Bruno, like Brother Cadfael, is a very sympathetic character. Both are exiled from home, Cadfael from Wales, Bruno more violently from Italy. He has fallen foul of the Inquisition because of the book he has published on the infinite nature of the Universe. Devoting himself to the pursuit of knowledge, the price Bruno has paid is high. He is lonely, having only one friend, Philip Sidney. Through Sidney he has become an agent of the spymaster, Walsingham. Thus more tension is set up when Bruno is asked to spy on his host and patron in an effort to discover the details of an invasion plot involving the French, the Spanish and the imprisoned Mary Queen of Scots. Bruno is conflicted because of his loyalties to the French Ambassador and his loyalties to England, the country in which he feels free to pursue his philosophical researches.
In fact, this progressive-seeming intellectual freedom is becoming more and more of an illusion. It is the year of the Great Conjunction, when Jupiter and Saturn align – an astrological phenomenon that occurs once every thousand years is said to signal the end of an age. The streets of London are abuzz with horrific predictions of events to come. Pamphlets predict the end of Elizabeth. It is death to be found reading them, let alone to print them. Bruno must be careful that his enemies do not use his association with the royal astrologer, John Dee to destroy him. Superstition and fear are closing people’s minds, science is viewed as magic, and the state is starting to clamp down on all freedoms in the name of stability. Bruno and many others have to ask how much they can turn a blind eye to draconian actions of the state when state security is threatened. Elizabeth herself is finding it harder to protect John Dee from church and state, especially when two of her court ladies are found murdered in the royal palace with astrological symbols cut into their skin. Rumors of black magic abound, but Elizabeth refuses to believe the killer could be someone in her own court. Walsingham would like Bruno to find proof of this, as well as solid evidence of the invasion plot, so that he can convince his Queen to move against the enemies of England including Mary Stuart. Bruno is convinced that the plot and the murders are somehow interrelated.

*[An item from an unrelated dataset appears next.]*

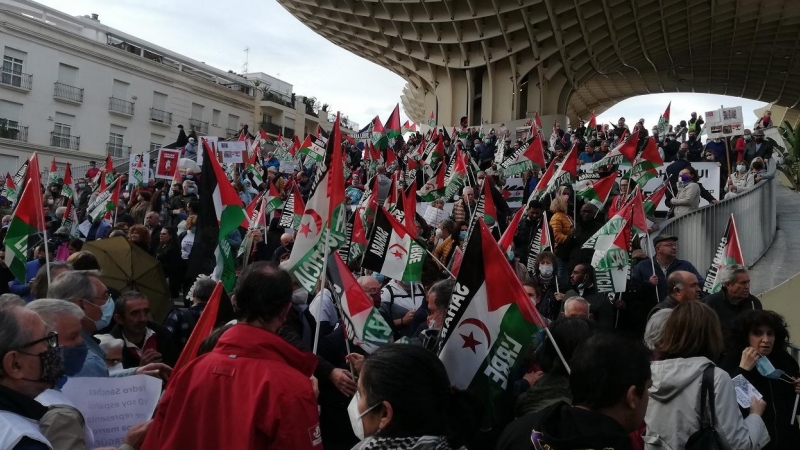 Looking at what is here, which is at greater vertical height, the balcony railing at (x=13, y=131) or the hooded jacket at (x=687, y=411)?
the balcony railing at (x=13, y=131)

This is an historical thriller, not a cozy mystery, so that Bruno’s life is in jeopardy many times as he plays his dangerous double game. There is plenty of action as Bruno tracks his quarry and evades capture and death himself. As the publisher’s blurb says, “Just as in Heresy, S. J. Parris’ gorgeous writing and remarkable sense of place fully transport the reader.” This is an “utterly gripping” novel!